Research suggests that bystander action in medical emergencies is complex. Key factors affecting bystander action are described below.

Factors that decrease likelihood of bystander intervention

  • Public location of arrest: Compared to healthcare professionals, laypersons are significantly less likely to offer help in emergencies that occur in public places.
  • Ignorance and confusion: When people do not understand what is happening or are confused about the unfolding situation, they are less likely to intervene.
  • Difficulty in recognizing medical emergencies: It is difficult to perceive that a medical emergency is occurring because indications often are ambiguous. Consequently, bystanders often delay in deciding to call EMS for help.
  • Lack of confidence and competence: A person who does not feel competent to deal with an emergency is unlikely to offer even minimal help. CPR is difficult to learn and CPR skill retention is poor when these skills are not used regularly.
  • Presence of other bystanders: The presence of others leads to a diminished sense of personal responsibility.
  • Unpleasant physical characteristics: Regurgitation, blood, dentures and other characteristics of the victim encountered during rescue breathing tend to dissuade bystanders from intervening.
  • Fear of harming the patient: A lack of knowledge and skills inhibit CPR use among families of high-risk patients.
  • Fear of using AEDs incorrectly: People unfamiliar with AEDs tend to be fearful of using them incorrectly.

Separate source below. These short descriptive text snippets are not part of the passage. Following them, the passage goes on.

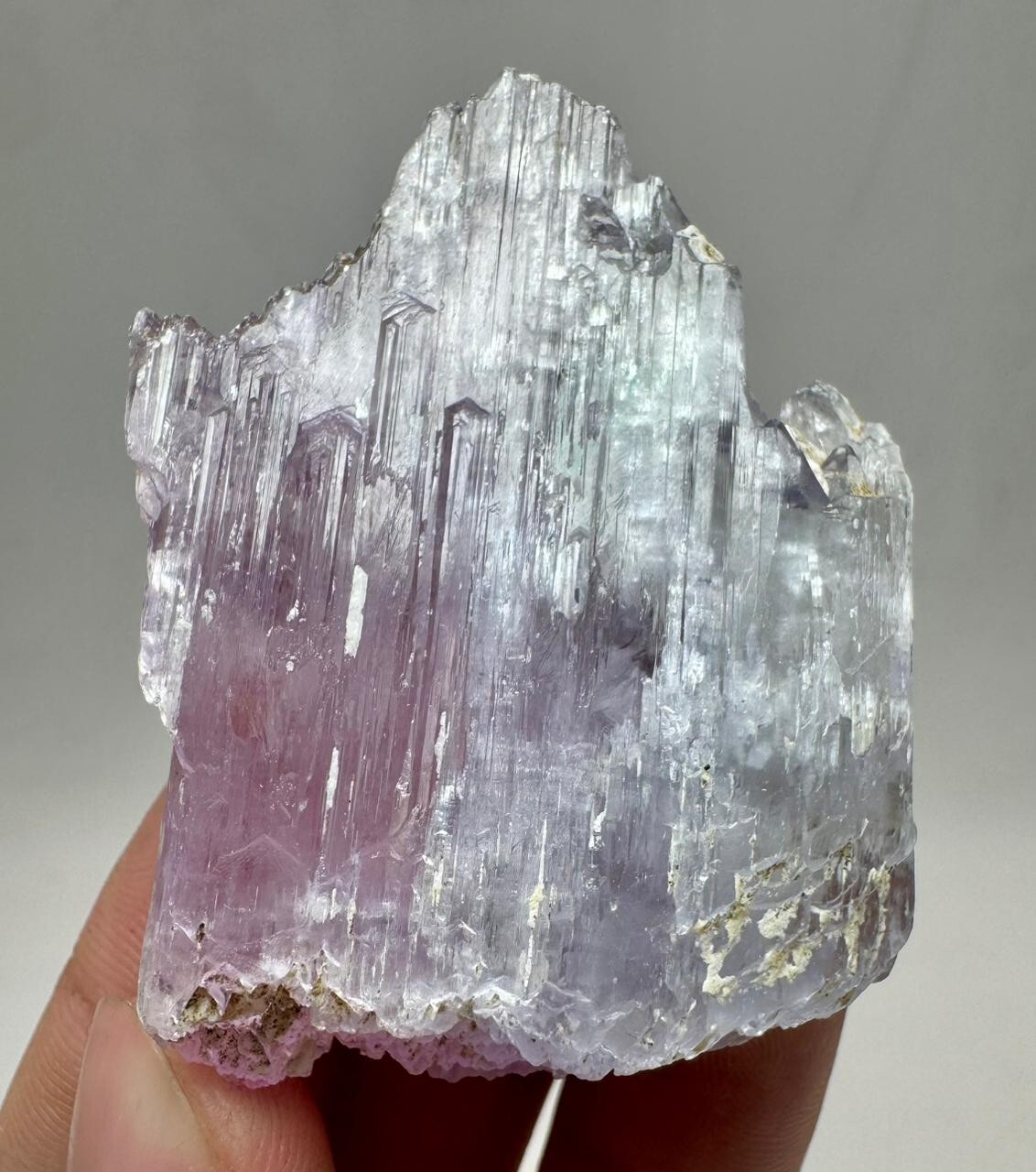 241 CT Fluorescent Top Lastruos Echites Kunzite Crystal From Afghanistan
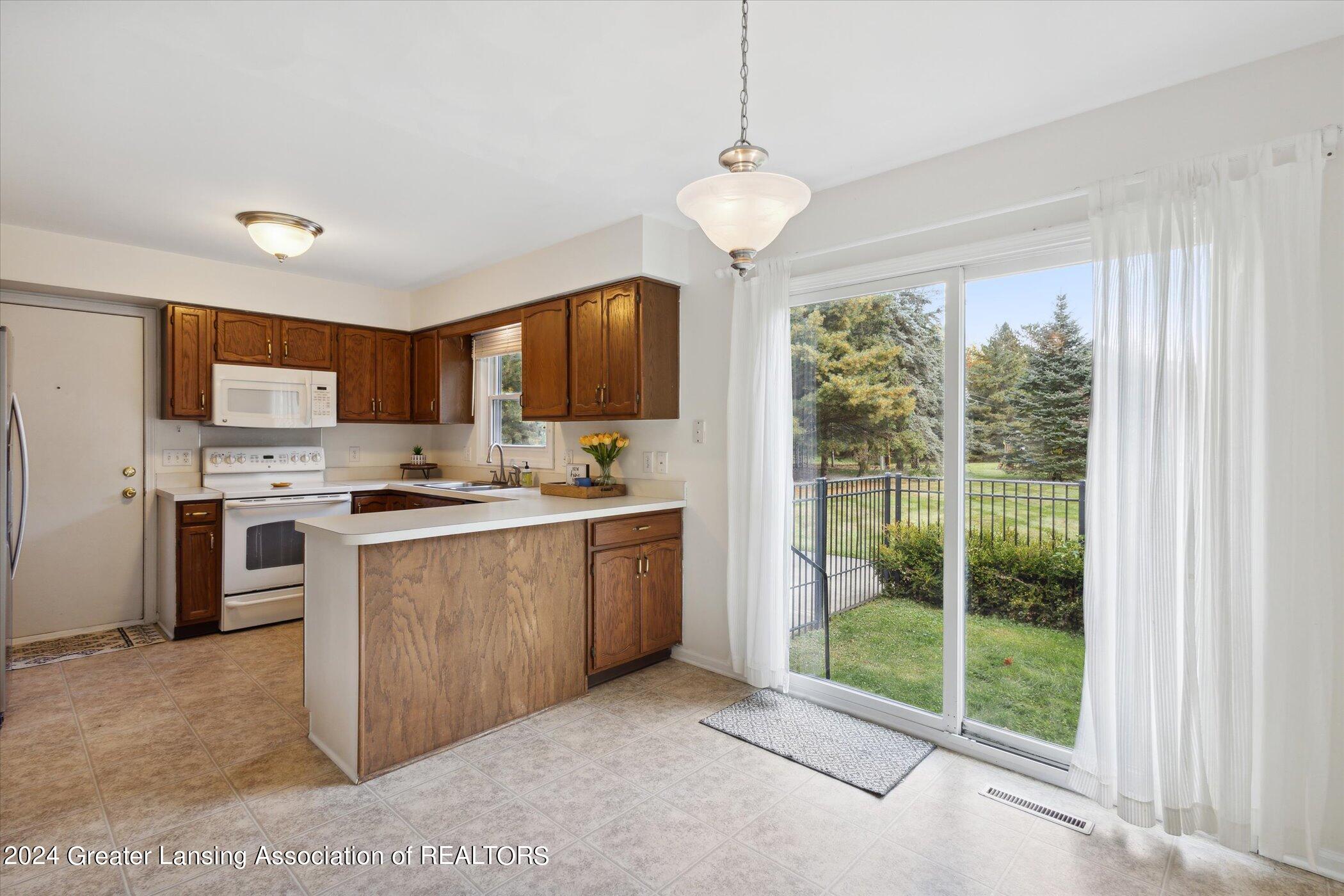 3580 E Arbutus Drive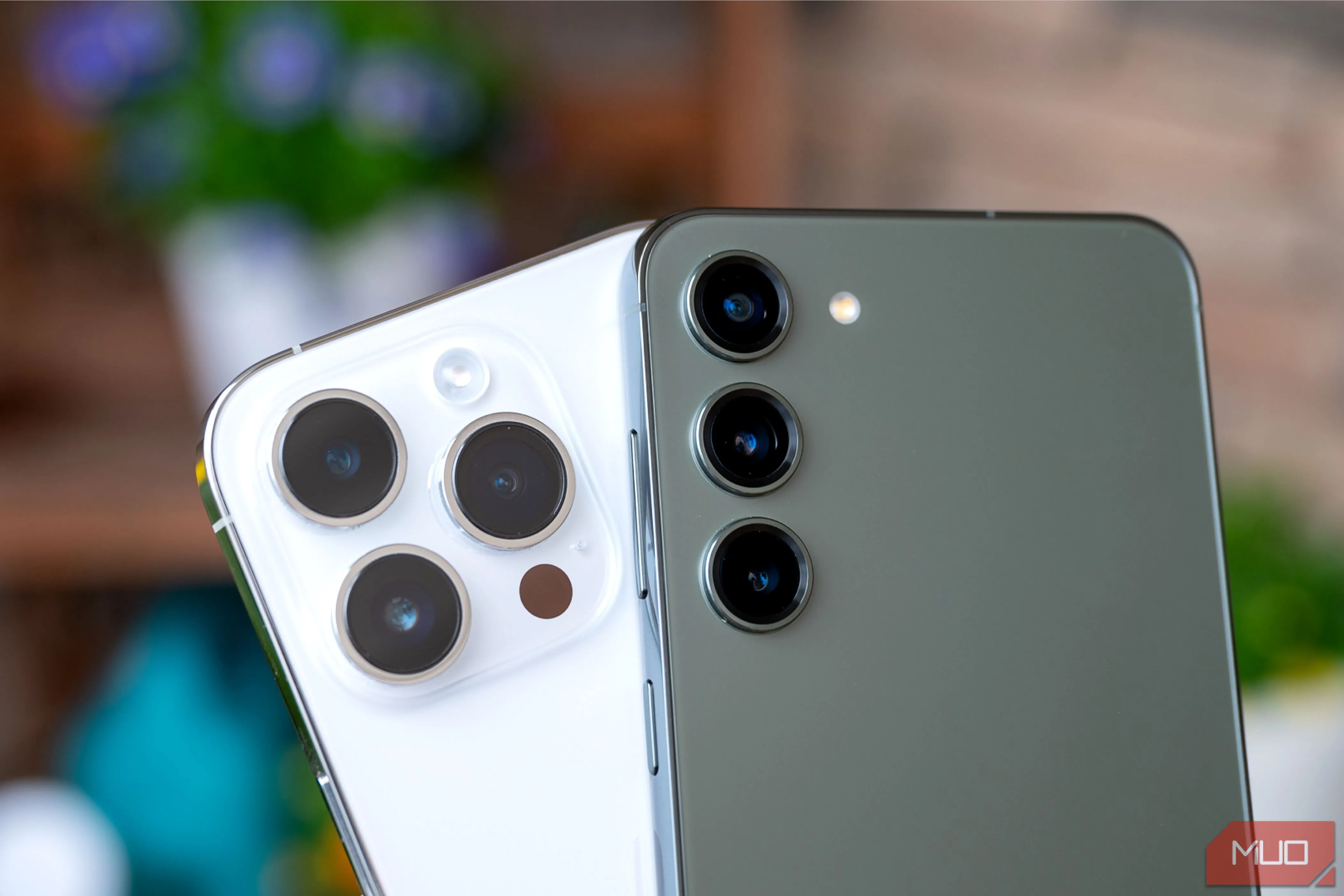 So sánh cụm camera sau của điện thoại Samsung Galaxy S23+ và Apple iPhone 14 Pro, minh họa khác biệt về cập nhật phần mềm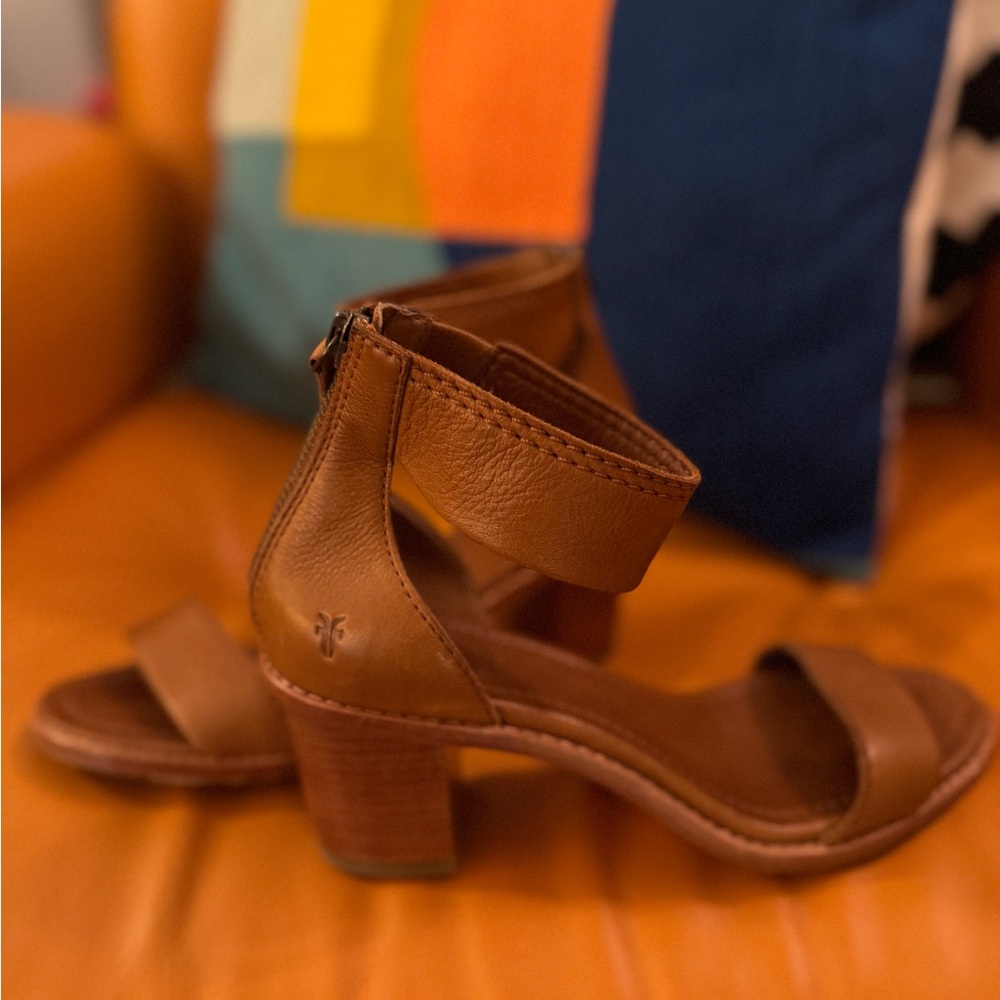 FRYE Women’s 6.5M Cognac Brielle Back Zip Dress Sandal Heels Leather Ankle Strap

Factors that increase likelihood of bystander intervention

  • Size of the community in which the bystander lives or grew up: Individuals who grew up in rural areas are more likely to help than individuals from urban areas. People from non-metropolitan areas are more likely to help than their counterparts.
  • Presence at the time of the event: Bystanders who witness the emergency are more likely to help than those who arrive after the emergency has occurred.
  • Previous emergency training and positions of responsibility: People with CPR training or other emergency training and people with positions of responsibility in their organizations are more likely to help in SCA.
  • Availability of AED: When AEDs are available, bystanders are more likely to initiate CPR.

Inconsistencies in the research

  • Fear of disease transmission: Some research indicates bystanders are concerned about contracting infectious disease such as Hepatitis B virus and AIDS. Other research, however, has found fear of disease transmission is not a deterrent to bystander intervention.
  • Fears of liability risks: Some research suggests fear of liability risks are barriers to intervening in SCA. Other research indicates such fears have no bearing on willingness to help.
  • Emotional stress: Studies among healthcare professionals suggest unsuccessful resuscitation efforts can lead to emotional stress. Research among laypersons, however, suggests that levels of stress among laypersons who intervene during SCA are relatively low, due to a sense of altruism and reported psychological “resilience.”